Comedian Nick Thune mixes dry, Hedbergian wit with false folk-singer sincerity that’s made him a fixture on the late-night talk-show circuit since his first Comedy Central special in 2008. Now based in LA, he is currently putting the final touches on his next standup special, Folk Hero, which is set to debut in January. And on December 4, he’ll return home to perform his guitar-based, family-friendly comedy as part of the Clean Cut Comedy Tour at Paramount Theatre. To prepare for his arrival, we chatted with Thune about the musical element of his comedy, his own (fake) talk show, and more.
Does your approach change when you have a big audience that isn’t necessarily coming out just for you?

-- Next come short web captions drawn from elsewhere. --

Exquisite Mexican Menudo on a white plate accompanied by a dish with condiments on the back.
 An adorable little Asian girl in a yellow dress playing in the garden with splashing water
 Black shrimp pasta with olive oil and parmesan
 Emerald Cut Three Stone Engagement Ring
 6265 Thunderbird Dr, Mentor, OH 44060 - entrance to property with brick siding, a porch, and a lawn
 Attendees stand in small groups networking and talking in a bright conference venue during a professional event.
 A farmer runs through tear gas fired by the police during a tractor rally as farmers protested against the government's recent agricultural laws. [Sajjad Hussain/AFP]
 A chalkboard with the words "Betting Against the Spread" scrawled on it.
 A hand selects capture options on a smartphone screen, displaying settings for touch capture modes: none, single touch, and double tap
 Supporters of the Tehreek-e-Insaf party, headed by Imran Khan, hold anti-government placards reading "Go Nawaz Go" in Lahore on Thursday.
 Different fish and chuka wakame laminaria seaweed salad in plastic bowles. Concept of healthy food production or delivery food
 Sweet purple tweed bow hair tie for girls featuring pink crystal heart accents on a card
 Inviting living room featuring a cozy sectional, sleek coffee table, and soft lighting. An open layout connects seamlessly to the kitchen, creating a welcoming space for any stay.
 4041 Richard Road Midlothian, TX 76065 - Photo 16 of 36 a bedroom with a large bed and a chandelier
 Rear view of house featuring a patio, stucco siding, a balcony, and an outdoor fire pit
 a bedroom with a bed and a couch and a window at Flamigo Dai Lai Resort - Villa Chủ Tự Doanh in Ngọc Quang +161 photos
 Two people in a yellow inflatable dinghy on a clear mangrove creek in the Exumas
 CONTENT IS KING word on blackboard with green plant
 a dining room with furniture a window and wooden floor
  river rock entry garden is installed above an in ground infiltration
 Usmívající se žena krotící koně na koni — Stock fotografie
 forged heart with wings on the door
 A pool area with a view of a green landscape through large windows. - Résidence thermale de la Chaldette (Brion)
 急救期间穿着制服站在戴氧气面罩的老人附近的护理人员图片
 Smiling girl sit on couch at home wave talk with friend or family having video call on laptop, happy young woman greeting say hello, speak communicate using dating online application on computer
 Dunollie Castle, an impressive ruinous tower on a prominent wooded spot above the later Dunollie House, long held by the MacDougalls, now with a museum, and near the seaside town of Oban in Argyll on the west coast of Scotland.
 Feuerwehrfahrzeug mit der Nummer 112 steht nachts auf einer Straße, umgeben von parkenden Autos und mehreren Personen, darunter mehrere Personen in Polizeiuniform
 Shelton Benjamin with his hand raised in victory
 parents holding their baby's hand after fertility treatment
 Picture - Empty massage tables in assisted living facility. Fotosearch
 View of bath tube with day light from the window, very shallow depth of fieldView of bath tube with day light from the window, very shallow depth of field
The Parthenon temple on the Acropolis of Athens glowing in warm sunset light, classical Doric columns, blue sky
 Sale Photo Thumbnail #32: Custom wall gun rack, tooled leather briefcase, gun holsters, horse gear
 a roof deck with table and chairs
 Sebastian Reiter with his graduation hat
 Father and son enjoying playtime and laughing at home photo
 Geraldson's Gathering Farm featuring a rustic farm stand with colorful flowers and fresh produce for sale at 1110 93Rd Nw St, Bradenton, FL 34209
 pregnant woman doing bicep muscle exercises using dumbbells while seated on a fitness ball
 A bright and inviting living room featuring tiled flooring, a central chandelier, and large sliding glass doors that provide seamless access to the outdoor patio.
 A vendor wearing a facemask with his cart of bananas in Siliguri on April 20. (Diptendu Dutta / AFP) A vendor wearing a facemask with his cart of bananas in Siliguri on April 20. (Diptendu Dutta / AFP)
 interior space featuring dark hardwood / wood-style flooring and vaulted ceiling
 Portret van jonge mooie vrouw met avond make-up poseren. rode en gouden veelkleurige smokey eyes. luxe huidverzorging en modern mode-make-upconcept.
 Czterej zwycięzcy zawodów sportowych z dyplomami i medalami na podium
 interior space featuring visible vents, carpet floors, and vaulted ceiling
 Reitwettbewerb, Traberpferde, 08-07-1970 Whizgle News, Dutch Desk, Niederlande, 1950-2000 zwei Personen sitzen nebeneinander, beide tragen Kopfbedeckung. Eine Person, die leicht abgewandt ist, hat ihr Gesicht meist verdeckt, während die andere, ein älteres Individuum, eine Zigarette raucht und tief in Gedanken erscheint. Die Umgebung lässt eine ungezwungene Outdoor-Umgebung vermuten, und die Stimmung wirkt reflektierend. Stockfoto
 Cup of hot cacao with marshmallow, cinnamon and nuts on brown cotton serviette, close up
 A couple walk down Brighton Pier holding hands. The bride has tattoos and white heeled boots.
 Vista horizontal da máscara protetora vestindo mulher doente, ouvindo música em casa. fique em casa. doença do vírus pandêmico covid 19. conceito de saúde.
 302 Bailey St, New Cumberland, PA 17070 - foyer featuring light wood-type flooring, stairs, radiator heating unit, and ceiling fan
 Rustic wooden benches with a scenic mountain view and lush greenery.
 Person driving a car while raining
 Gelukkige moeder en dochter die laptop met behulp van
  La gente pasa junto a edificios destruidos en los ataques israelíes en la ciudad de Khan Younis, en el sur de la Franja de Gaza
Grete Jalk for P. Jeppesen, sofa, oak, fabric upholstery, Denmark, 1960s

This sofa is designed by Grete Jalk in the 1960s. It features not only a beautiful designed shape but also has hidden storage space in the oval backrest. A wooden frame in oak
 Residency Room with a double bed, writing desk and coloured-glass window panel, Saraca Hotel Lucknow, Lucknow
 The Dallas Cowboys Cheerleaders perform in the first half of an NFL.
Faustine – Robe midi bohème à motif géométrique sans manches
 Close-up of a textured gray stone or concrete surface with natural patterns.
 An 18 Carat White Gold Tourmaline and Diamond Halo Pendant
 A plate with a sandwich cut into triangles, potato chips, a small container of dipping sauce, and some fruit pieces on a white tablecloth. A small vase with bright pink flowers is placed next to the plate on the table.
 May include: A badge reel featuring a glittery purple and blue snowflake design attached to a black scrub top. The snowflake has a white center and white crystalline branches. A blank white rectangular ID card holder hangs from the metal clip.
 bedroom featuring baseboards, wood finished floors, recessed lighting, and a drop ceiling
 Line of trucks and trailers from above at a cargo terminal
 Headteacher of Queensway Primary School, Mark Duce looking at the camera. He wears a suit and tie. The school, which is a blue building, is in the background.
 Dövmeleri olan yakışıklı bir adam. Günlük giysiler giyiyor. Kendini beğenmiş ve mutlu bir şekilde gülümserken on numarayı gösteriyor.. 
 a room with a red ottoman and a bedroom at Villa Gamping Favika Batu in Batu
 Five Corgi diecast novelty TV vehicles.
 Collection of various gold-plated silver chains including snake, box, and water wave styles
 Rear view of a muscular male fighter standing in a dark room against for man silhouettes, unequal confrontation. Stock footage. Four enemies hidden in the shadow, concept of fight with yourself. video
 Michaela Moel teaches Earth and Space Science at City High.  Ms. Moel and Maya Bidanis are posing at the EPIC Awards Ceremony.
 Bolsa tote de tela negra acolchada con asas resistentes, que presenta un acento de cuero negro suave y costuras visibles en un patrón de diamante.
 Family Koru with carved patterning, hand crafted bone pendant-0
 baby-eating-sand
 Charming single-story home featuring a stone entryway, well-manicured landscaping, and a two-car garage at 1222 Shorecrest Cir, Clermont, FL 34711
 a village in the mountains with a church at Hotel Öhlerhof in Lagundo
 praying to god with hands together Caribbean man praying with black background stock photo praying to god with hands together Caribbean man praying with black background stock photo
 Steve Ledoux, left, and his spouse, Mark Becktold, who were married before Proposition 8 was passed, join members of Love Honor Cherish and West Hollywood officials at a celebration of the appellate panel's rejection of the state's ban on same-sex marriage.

No. I try to make everything that I do acceptable to any audience. If something that I do doesn’t work, I don’t have this indie rock personality of “They don’t get it then....” It’s like, “No, something that I’m doing is wrong, and I need to figure out exactly how to make it right in a way that I’m comfortable.”
What places do you make sure to hit when you’re back in town?
I lived in Ballard, so I always like to go back to where I lived. I just love that part of town; love being by the water. And I also go to Dick’s every time.
Also, whenever I’m in Seattle I just have to go to the Space Needle because that just says Seattle. And please mention that this interview is sponsored by the Space Needle. Also, you gotta Ride the Ducks.
Did you know they throw fish down at Pike Place market?
What?! I’ve never seen a fish out of water, so that’d be huge for me.
What was the origin of playing with your guitar when delivering some of the jokes?
It kind of started because I wanted to be a musician and then slowly realized I couldn’t really take myself seriously, but I liked the thought of somebody who took themself seriously as a singer-songwriter; someone that thinks they’re really significant. I thought that adding that music under it kind of added this importance that took the jokes to another level, like the scoring of a movie.
You’ve hosted a talk show of your own at the UCB Theatre in LA. What was that show’s vibe?
It’s a live show. It’s set up just like what Jimmy does, except for no one is paying me to do it and it’s a fake show. We’ve actually stopped doing it live because Joel McHale saw it and loved it, and now we’re shooting a pilot and we’re going to shop it around with him as a producer. It’s more of a sitcom than it is a talk show; it’s totally scripted. We’re doing it as if it was a show that takes place in Seattle on public access television.
So is this whole tour an elaborate plan to steal Jimmy's job?
Yeah. I’m coming for Jimmy, and I hope he knows that.